Chaos is a friend of mine.
—Bob Dylan
Our world is in the midst of chaos and uncertainty, as discontinuous change tosses even the strongest of us on its waves. Destruction hits us from all fronts, from natural disasters to economic ones. Spending time and energy to think creatively right now may seem crazy, even impossible, but these are ideal conditions for creative breakthroughs and world-changing innovations.
The human brain naturally seeks patterns and order, especially in chaos. The bigger the problems we need to solve, the bigger the innovations we create. When the world around us is orderly and certain, we tend to think inside that same box that is serving us so well. But when the world around us is chaotic, and that box has been torn to shreds, we have no choice but to think outside it, creating new connections by drawing together seemingly disparate ideas from the chaotic whirlwind that surrounds us.
There is a reason mythology tends to personify destruction and creation in one being, such as in the Hindu goddess Kali and the Egyptian goddess Isis. The two ideas go hand in hand. Where there is destruction, there is a powerful drive to create something new. Sometimes, creation requires destruction—destroying the habits and limited ways of thinking that stand in the way of creating new paths, for example. More often, creativity relies on selective destruction, getting rid of what no longer serves us without losing what does. Just as our planet depends more and more on recycling, creating something new by reworking the old, creativity that leads to sustainable success and innovation often depends on new combinations, reinventions that serve our changing needs and solve new problems as they arise without tossing everything out the window entirely.
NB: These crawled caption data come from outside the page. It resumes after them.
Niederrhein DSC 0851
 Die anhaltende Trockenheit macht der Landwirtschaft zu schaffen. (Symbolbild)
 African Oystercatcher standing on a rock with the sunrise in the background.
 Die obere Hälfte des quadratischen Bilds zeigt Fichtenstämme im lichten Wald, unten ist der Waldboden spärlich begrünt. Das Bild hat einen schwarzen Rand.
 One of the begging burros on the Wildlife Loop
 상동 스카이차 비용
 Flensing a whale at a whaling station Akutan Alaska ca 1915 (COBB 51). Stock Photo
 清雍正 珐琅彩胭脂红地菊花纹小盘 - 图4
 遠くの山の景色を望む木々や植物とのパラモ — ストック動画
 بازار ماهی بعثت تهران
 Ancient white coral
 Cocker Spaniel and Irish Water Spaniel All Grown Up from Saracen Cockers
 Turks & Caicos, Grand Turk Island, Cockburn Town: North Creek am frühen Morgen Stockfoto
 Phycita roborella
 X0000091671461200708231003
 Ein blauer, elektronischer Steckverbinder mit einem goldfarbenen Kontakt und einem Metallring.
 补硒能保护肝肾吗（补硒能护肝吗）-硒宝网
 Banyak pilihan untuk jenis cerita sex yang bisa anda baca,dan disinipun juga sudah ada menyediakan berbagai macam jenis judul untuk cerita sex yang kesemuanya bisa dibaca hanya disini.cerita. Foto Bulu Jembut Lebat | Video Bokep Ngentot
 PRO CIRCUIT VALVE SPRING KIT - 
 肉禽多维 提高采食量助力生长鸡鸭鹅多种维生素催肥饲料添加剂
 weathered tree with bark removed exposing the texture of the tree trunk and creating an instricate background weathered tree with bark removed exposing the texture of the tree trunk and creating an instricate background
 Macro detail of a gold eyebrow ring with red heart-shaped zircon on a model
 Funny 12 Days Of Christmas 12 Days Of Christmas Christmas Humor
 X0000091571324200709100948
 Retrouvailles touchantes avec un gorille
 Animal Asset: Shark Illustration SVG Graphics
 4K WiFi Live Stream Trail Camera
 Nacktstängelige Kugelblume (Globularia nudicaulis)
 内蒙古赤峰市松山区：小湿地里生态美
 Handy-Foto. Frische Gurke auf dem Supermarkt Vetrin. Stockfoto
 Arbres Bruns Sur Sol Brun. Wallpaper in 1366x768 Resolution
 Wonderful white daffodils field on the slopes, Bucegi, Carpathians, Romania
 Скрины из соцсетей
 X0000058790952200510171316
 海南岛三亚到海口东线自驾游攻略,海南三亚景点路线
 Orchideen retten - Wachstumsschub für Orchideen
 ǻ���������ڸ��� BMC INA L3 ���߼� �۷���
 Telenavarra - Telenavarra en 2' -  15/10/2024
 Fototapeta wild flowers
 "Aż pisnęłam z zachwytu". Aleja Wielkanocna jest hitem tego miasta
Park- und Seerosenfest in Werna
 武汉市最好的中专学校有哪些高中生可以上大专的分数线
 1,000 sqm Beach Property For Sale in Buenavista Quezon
If there were ever a time to consciously and actively nurture your creativity and find ways to express it, that time is now. The time you spend nurturing your creativity and developing it as you would any skill will pay off a hundredfold in every aspect of your life and work. Now more than ever, you have the opportunity to go beyond temporary solutions and quick fixes toward sustainable game-changing ideas that could change your life, your work, and our world in ways only you can imagine.
What if you stopped trying to think your way through a problem in your life and instead tossed it into the chaos? Try approaching it from an unexpected direction, through creative expression of your feelings, fears, and thoughts.